But that week long time frame is still
practical for machine learning engineers
to do their job because they can start many models in parallel
and work productively in this setting,
even though it takes a little bit longer.
What's the impact of that relatively small difference?
It's actually pretty big.
The next word prediction accuracy
improves by 25% relative.
And it actually makes the prediction
strip itself more useful.
Users click it about 10% more.
Another example that the Gboard team has been working with
is emoji prediction.
Software keyboards have a nice emoji interface
that you can find, but many users
don't know to look there or find it inconvenient.
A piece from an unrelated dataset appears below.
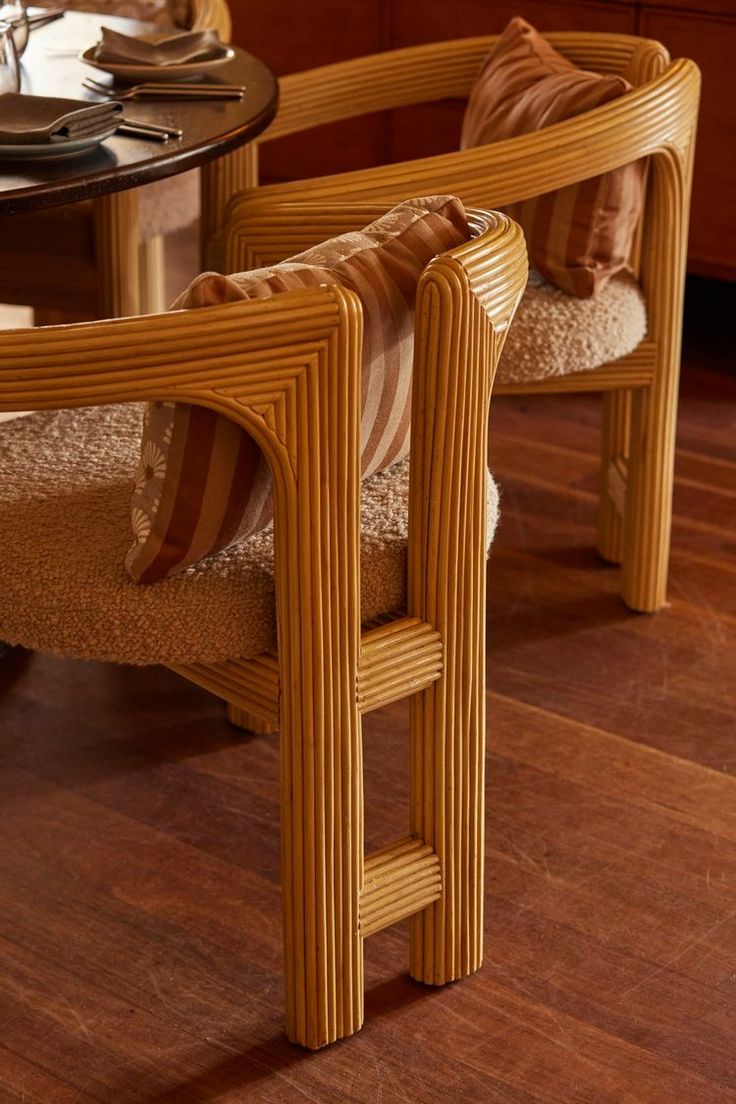 a wooden chair sitting on top of a hard wood floor next to a glass table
And so Gboard has introduced the ability
to predict emoji right in line on the prediction strip, just
like next words.
And the federated model was able to learn
that the fire emoji is an appropriate completion
for this party is lit.
Now, on the bottom, you can see a histogram
of just the overall frequency of emojis
that people tend to type, which has the laugh/cry emoji much
more represented.
So this is how you know that the context really
matters for emoji.
We wouldn't want to make that laugh cry emoji just the one
that we suggest all the time.
And this model ends up with 7% more accurate emoji
predictions.
And Gboard users actually click the prediction strip 4% more.
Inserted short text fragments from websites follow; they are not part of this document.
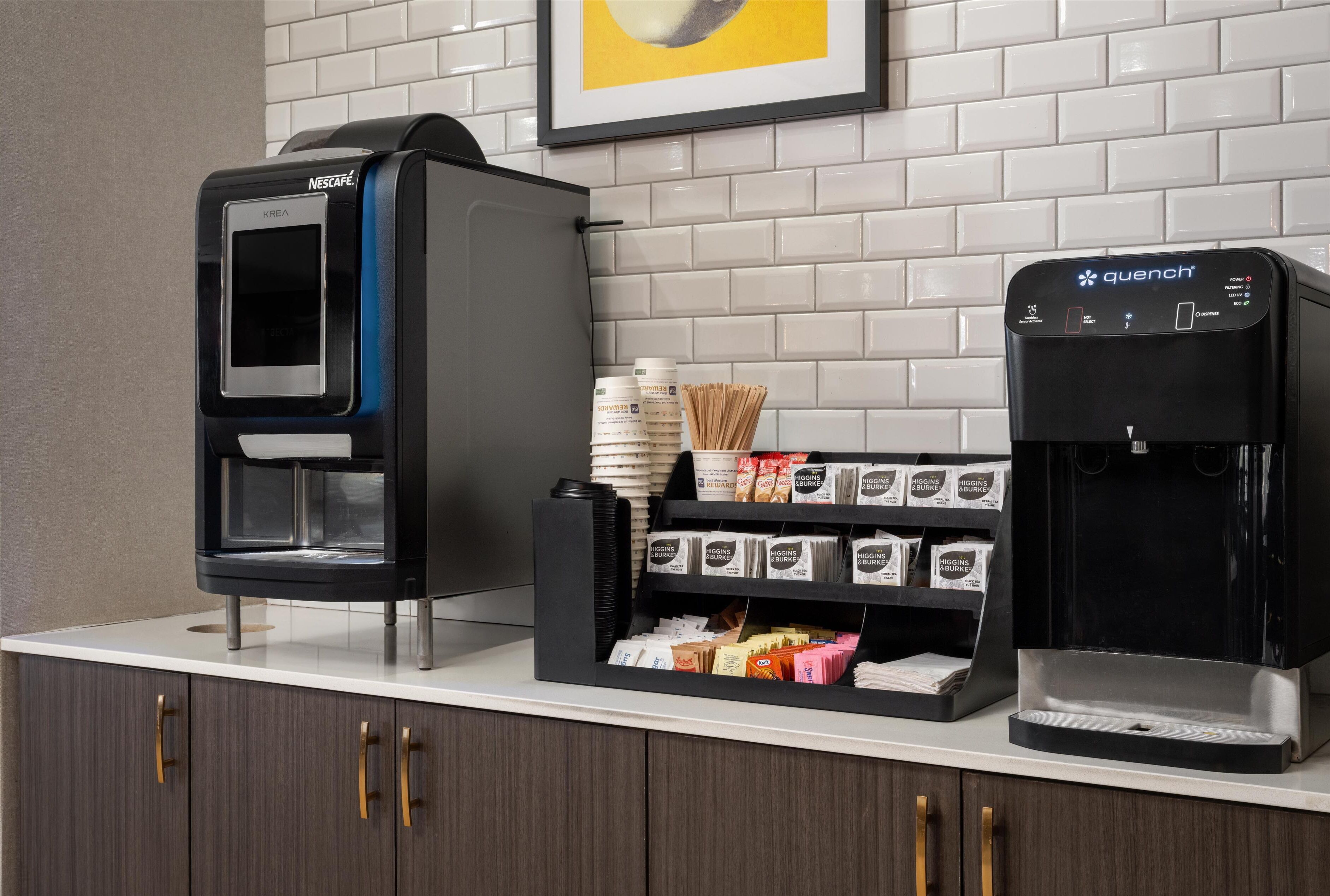 A coffee station with a Nescafé Krea machine, a quench coffee machine, and a variety of coffee pods and accessories.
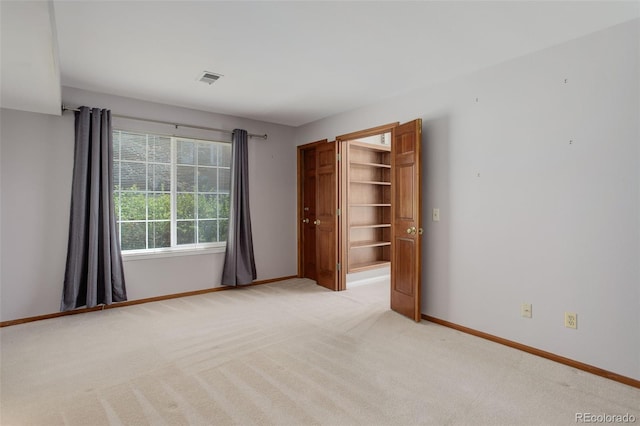 3951 S Carson St Unit D, Aurora, CO 80014 - unfurnished bedroom with baseboards, light colored carpet, and a closet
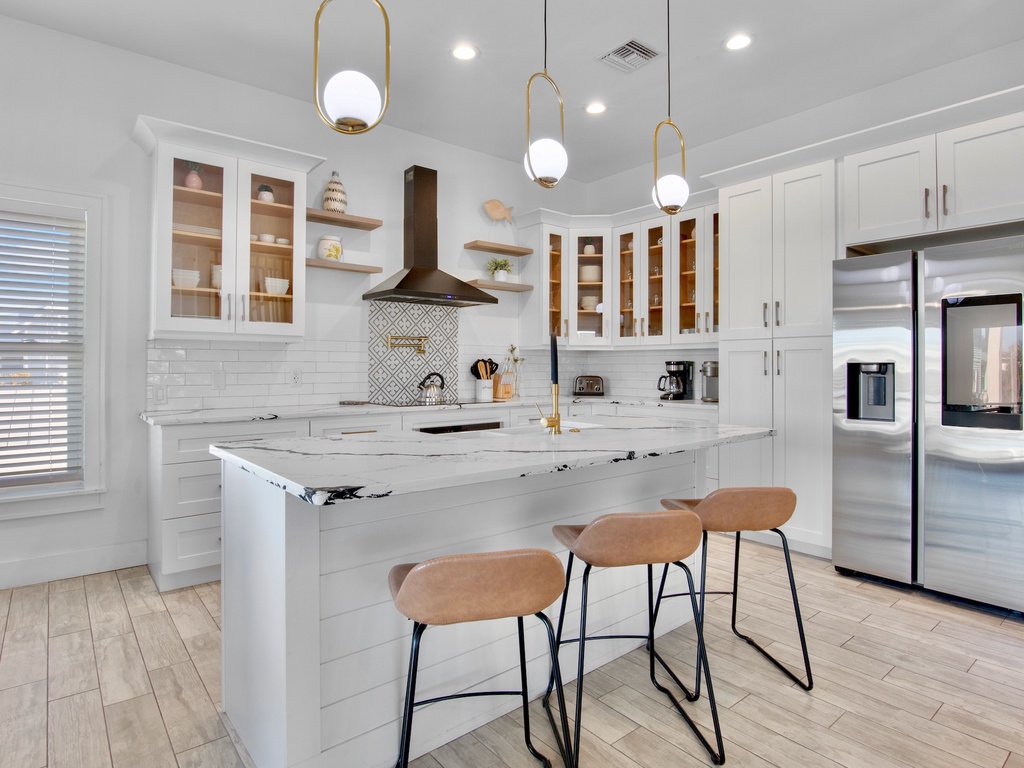 Chef's kitchen with marble island and appliances - 2nd floor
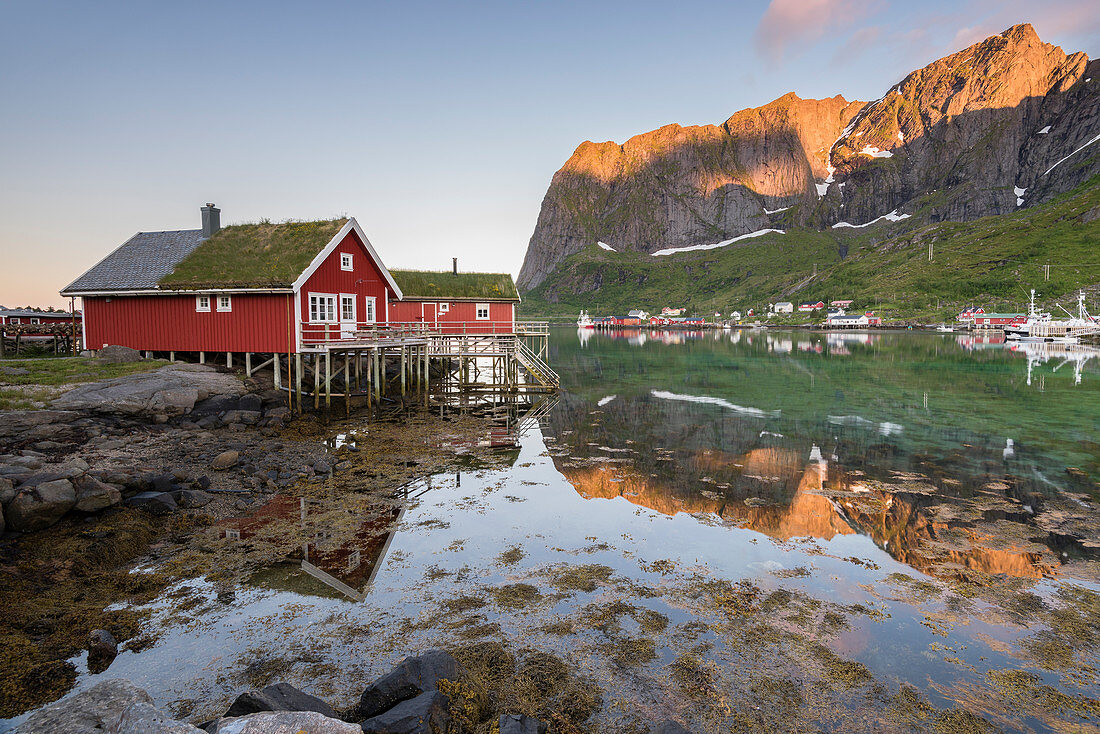 Das Fischerdorf und die Berge spiegeln sich im Wasser während der Mitternachtssonne, Reine, Provinz Nordland, Lofoten, Nordnorwegen, Europa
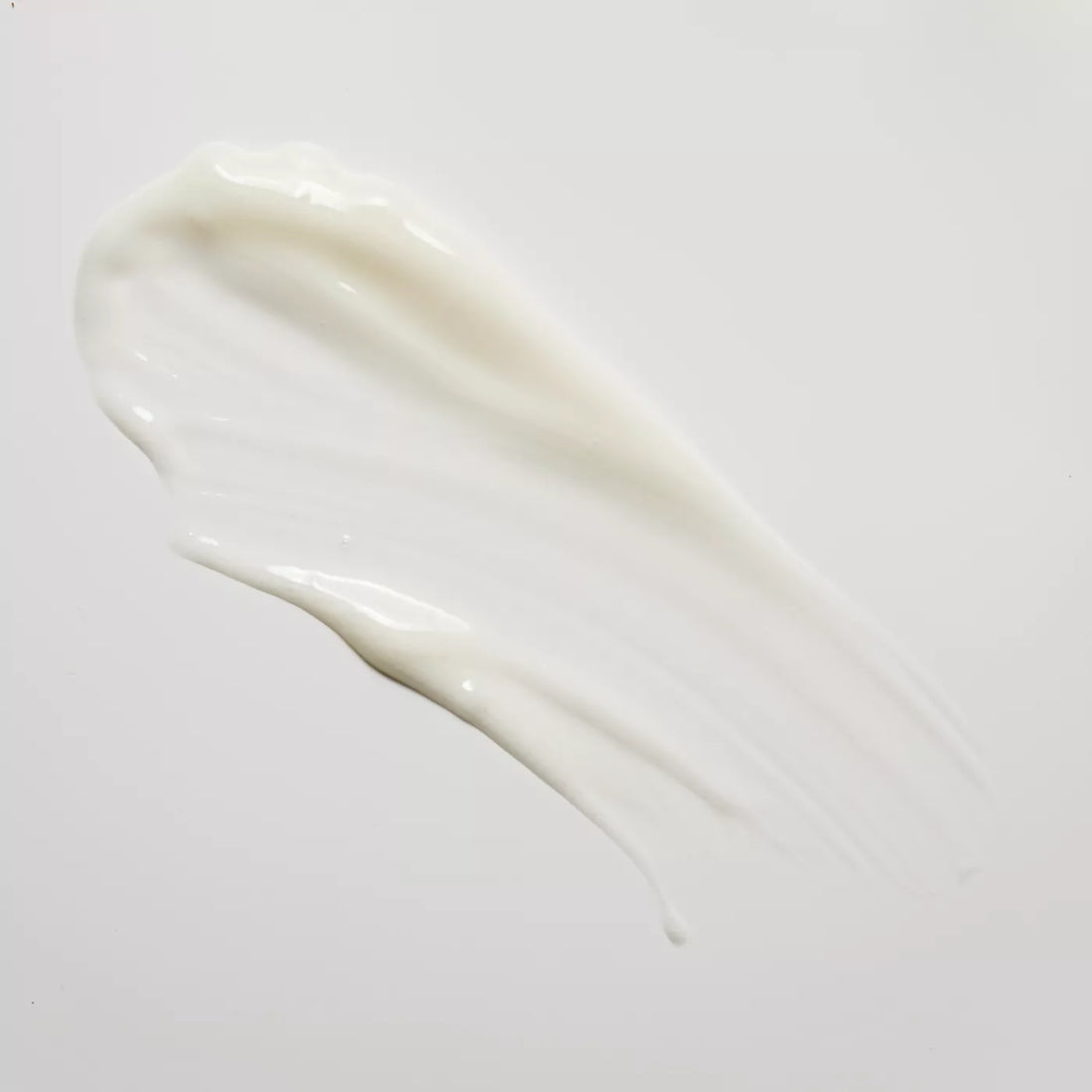 A thick, creamy white cosmetic smear on a plain light gray background.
And I think, most importantly, there
are 11% more users who've discovered the joy of including
emoji in their texts, and untold numbers of users
who are receiving those wonderfully emojiful texts.
So far, we've focused on the text entry aspects,
but there are other components to where federated learning can
apply, such as action prediction in the UI itself.
Gboard isn't really just used for typing.
A key feature is enabling communication.
So much of what people type is in messaging apps,
and those apps can become more lively
when you share the perfect GIF.
So just helping people discover great GIFs
to search for and share from the keyboard at the right times
without getting in the way is one
of Gboard's differentiating product features.
This model was trained to predict
from the context so far, a query suggestion for a GIF
or a sticker, a search or emoji, and whether that suggestion is
actually worth showing to the user at this time.
An earlier iteration of this model
is described at the paper linked below.
This model actually resulted in a 47% reduction
in unhelpful suggestions, while simultaneously increasing
the overall rate of emoji, GIF and sticker shares
by being able to better indicate when a GIF search would
be appropriate, and that's what you can see in that animation.
As someone types "good night," that little "g"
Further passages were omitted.